今月のCD~フォルテピアノ2017年02月23日 07時18分03秒

古楽に作品・演奏の両面で大きな価値を見出している私ですが、その価値観を主張しにくかった分野が、モーツァルトのピアノ・コンチェルトでした。フォルテピアノによる挑戦はずいぶん前から始まりましたが、もうひとつ透徹したものがない、あるいは味気ないと思え、講座でも、ピアノの有名どころを使うことが多かったです。

しかし最近、様子が変わってきました。製作、修復、調整といった能力の高まりで、モーツァルト時代の音が、本当に出るようになってきたように思えるのです。演奏者の習熟度も、もちろん上がっているのだと思います。

そうした意味で光っているのが、ロナルド・ブラウティハムがケルン・アカデミーと競演しているBISのシリーズです。

ソロは潤いのある響きで、ニュアンス豊かに、泉のような流れを作り出しています。オーケストラ、とくに管楽器との絡み合いの親密度が最高で、ピリオド楽器ならでは。ウィレンズという指揮者がついていますが、楽器間の直接交流がさかんでまるで指揮者がいないように見えるのは、それこそがいい指揮だ、ということでしょうか。

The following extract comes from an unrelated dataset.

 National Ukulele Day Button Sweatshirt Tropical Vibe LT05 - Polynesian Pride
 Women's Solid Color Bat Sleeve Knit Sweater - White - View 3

今月対象とした新譜は「第19番ヘ長調+第23番イ長調」と、「第20番ニ短調+第27番変ロ長調」の2枚。カップリングの魅力は後者でしょうが、私は前者を選びました。20番のロマンツェだけは、まだどうしてもピアノが欲しくなるのです。

その後「第18番+第22番」と、「第14番+第21番」が発売されました。今週土曜日の横浜モーツァルト講座が第18番、第19番を扱いますので、ちょうどいいタイミングで入手できました。

劣らずよかったのが、イザベル・ファウストの弾くモーツァルトのヴァイオリン協奏曲全集(ハルモニアムンディ)です。

オケがアントニーニ指揮のイル・ジャルディーノ・アルモニコというので鳴らすまでイメージがつかめませんでしたが、洒落っ気も茶目っ気もあって、断然面白いです。シュタイアーの新作カデンツァが使われているのも、クリエイティヴ度を高めています。作品への大きな貢献でしょう。